§ TASK PROMPT: Reproduction of part of the material below, pictures omitted: copy exactly, and only, the lines starting with the one with "Flat For Sale in Glasgow" and going on through the one with "Plavi planet – naša odgovornost".

§ PROVIDED ENTRIES:
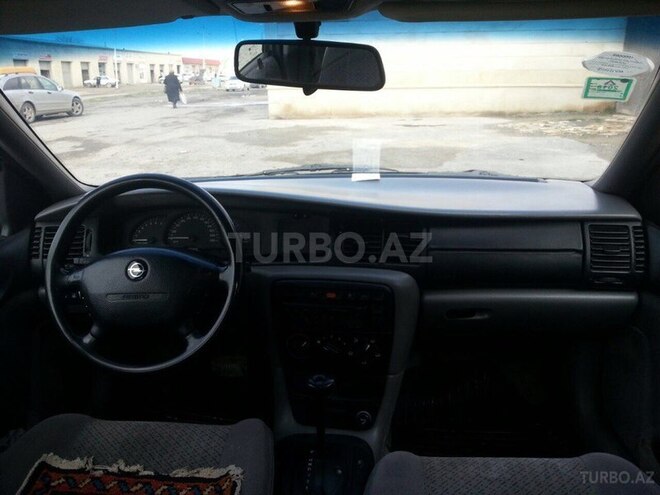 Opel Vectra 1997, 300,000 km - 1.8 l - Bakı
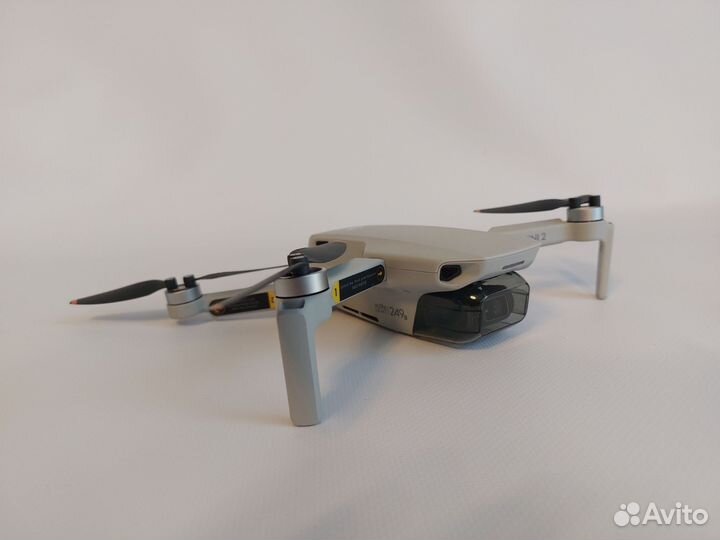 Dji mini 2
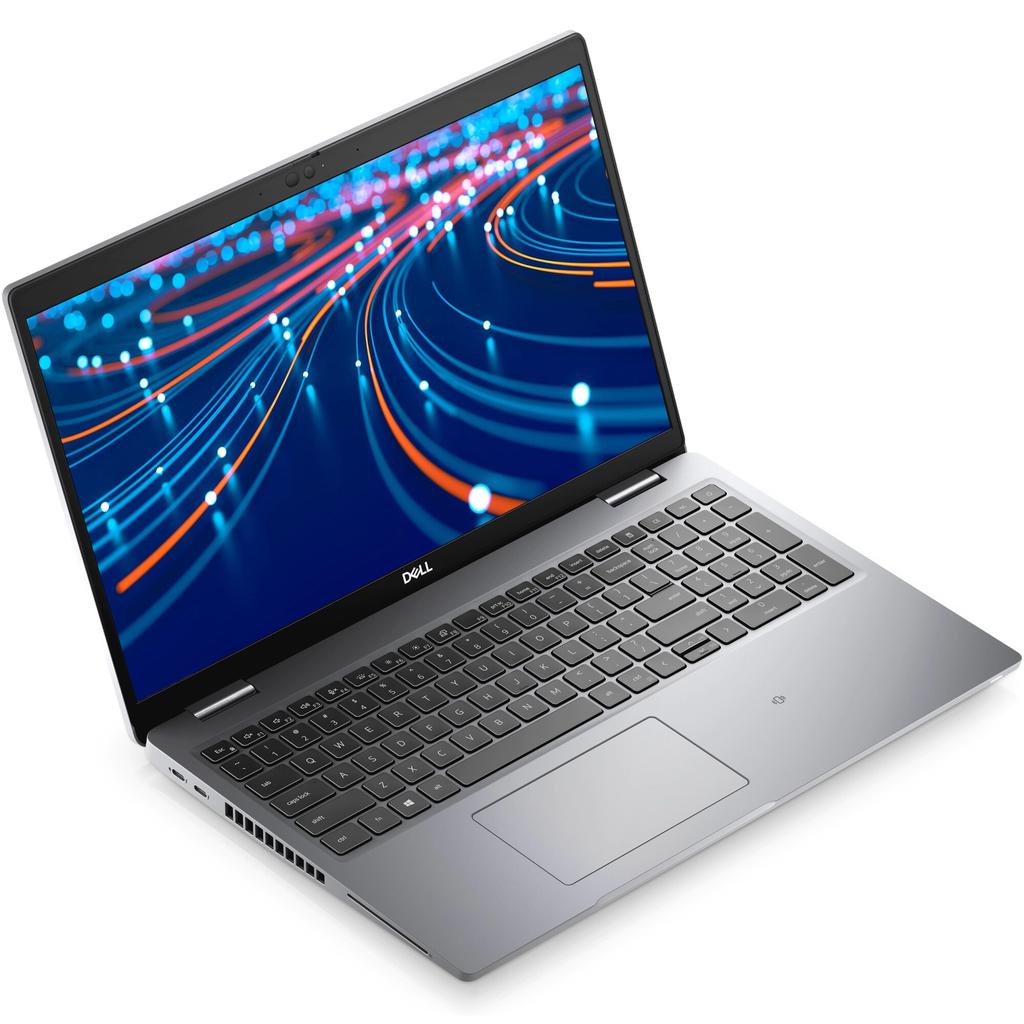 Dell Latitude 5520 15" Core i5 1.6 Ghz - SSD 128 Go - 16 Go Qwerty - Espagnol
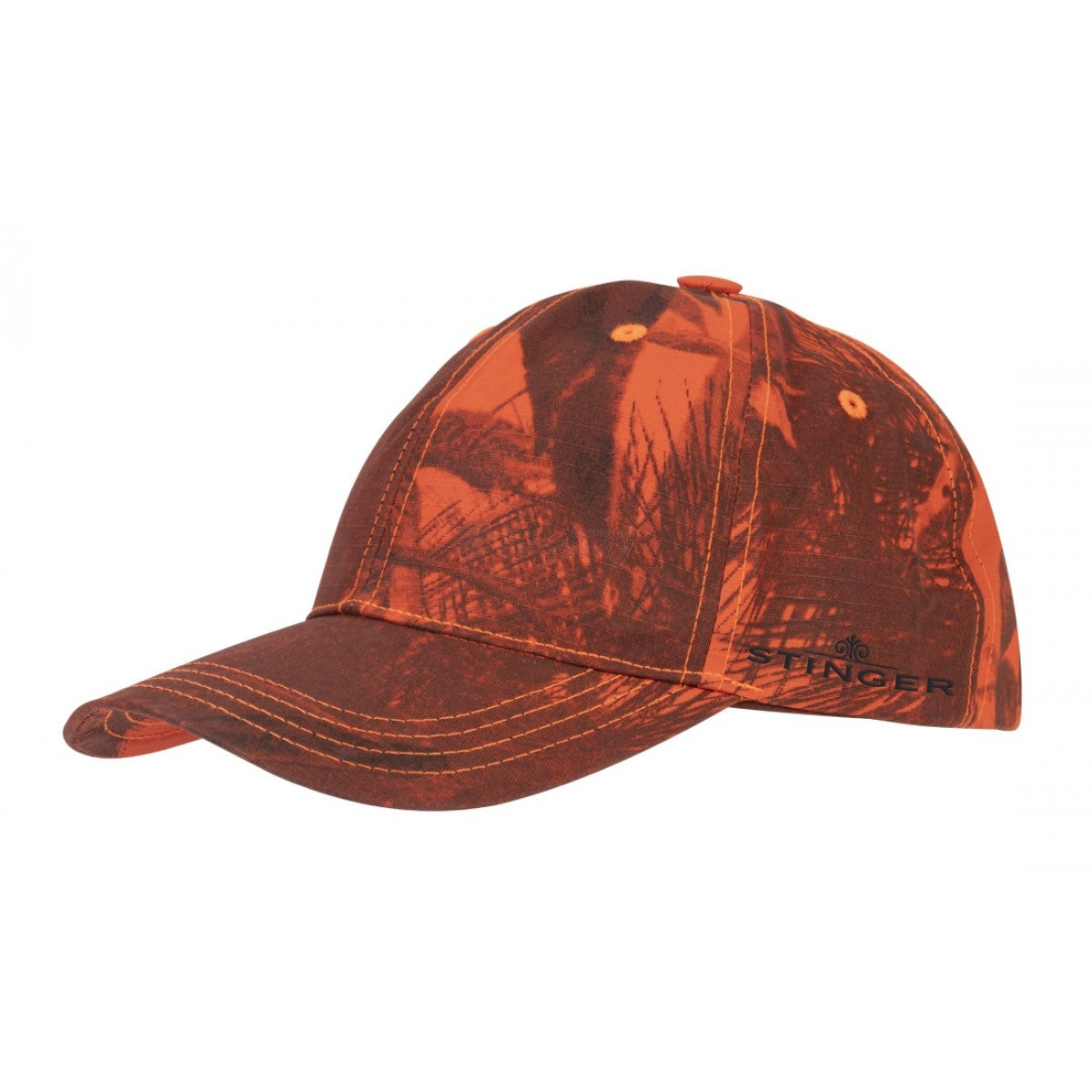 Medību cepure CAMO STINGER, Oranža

* * *

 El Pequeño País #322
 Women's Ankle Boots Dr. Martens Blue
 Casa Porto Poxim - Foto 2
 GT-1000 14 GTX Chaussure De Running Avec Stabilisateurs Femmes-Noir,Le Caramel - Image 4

--

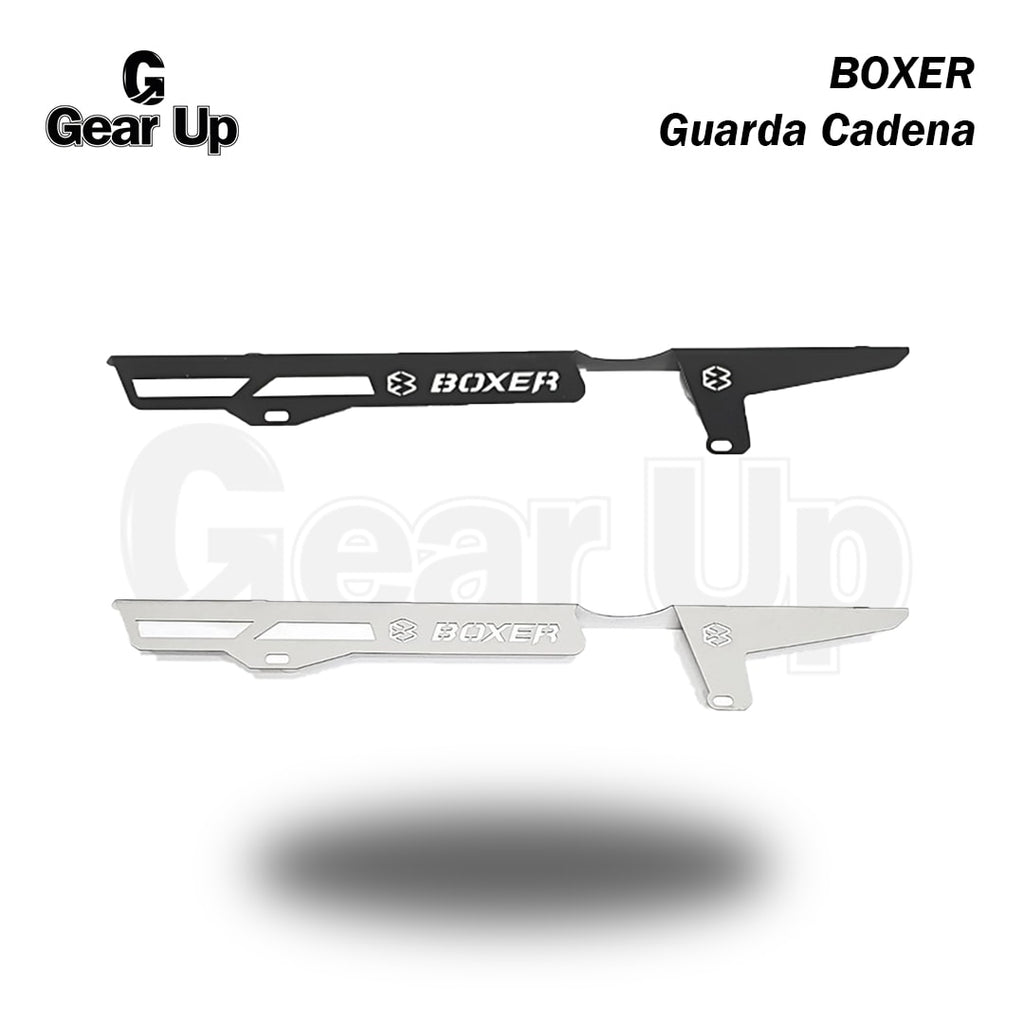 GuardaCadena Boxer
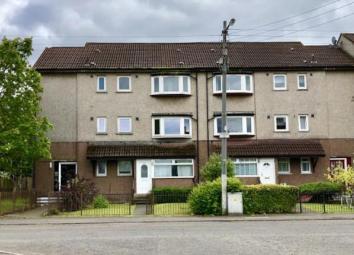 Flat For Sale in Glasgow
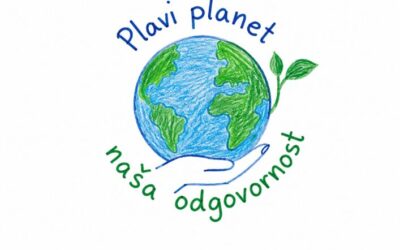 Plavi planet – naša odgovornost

§ WRITTEN ANSWER:
 Flat For Sale in Glasgow
 Plavi planet – naša odgovornost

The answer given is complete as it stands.